Pour preuve, le projet de loi C-13 permettra d’« élargir les pouvoirs du Conseil du trésor », qui va « surveiller et vérifier l’observation par les institutions fédérales des principes, instructions et règlements en matière de langues officielles » entre autres choses, en plus de « renforcer les pouvoirs du commissaire aux langues officielles ». « Les sanctions pécuniaires administratives, c’est un outil qui a été ajouté dans le coffre d’outils [du commissaire]. Il y a beaucoup d’autres outils qui ont été ajoutés, comme le pouvoir de médiation, le pouvoir d’ordonnance… », a illustré Mme Petitpas Taylor, à 1500 kilomètres de la capitale fédérale.

« L’imposition d’une sanction vise non pas à punir, mais plutôt à favoriser le respect de la [Loi] », ont pour leur part souligné de hauts fonctionnaires dans une séance d’information technique sur le document de près de 75 pages.

Le gouvernement Trudeau s’est gardé d’imposer la maîtrise du français et de l’anglais comme condition d’embauche des patrons des compagnies soumises à la Loi sur les langues officielles de la trempe d’Air Canada ou de Via Rail.
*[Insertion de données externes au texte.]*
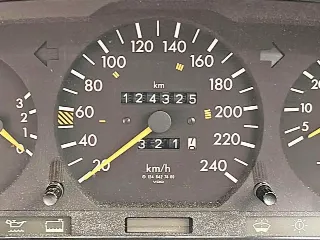 Foto 23 di 40: MERCEDES BENZ E 200 CABRIOLET 1996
Après s’être dite encore « déçue et fâchée » des propos tenus l’automne dernier par le président et chef de la direction d’Air Canada, Michael Rousseau, qui refusait d’apprendre la langue française, Mme Petitpas Taylor a indiqué vouloir répondre à la principale « préoccupation » des Canadiens, c’est-à-dire d’« avoir un service en français ».
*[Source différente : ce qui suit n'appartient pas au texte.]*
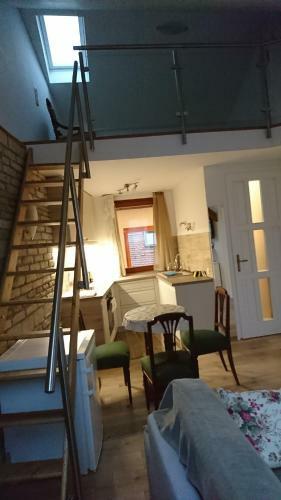 Kisfaludy K�roly Apartman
Le commissaire aux langues officielles, Raymond Théberge, s’est dit « très heureux » du pouvoir d’imposer des sanctions administratives pécuniaires que lui réserve le gouvernement.« Ce nouveau mécanisme permettra certainement de veiller à ce que les entités qui servent les voyageurs respectent leurs obligations linguistiques en matière de communication et de services », a-t-il indiqué dans une déclaration écrite.

Protection accrue du français

 

Par ailleurs, le projet de loi C-13 conférera aux travailleurs des entreprises privées de compétence fédérale du Québec, mais aussi « des régions à forte présence francophone » — qui ne sont pas encore identifiées par Ottawa —, « le droit d’effectuer leur travail et d’être supervisés en français », « le droit de recevoir toute communication et toute documentation […] en français » ainsi que « le droit d’utiliser des instruments de travail et des systèmes informatiques d’usage courant et généralisé en français ».

Les entreprises privées de compétence fédérale ne peuvent « traiter défavorablement un employé [au Québec ou dans une région à forte présence francophone] au seul motif qu’il n’a pas une connaissance suffisante d’une langue autre que le français » sauf si elles sont « capable[s] de démontrer que la connaissance de cette langue s’impose objectivement en raison de la nature du travail à accomplir par l’employé ».

Cela dit, le gouvernement fédéral compte offrir le libre choix aux entreprises privées de compétence fédérale présentes au Québec de mener « leurs communications avec les consommateurs » dans le respect du projet de loi C-13 — qui réitère que « les consommateurs au Québec ont le droit de communiquer en français avec une entreprise privée de compétence fédérale qui y exerce ses activités et de recevoir de celle-ci des services dans cette langue » — ou encore de la Charte de la langue française du Québec.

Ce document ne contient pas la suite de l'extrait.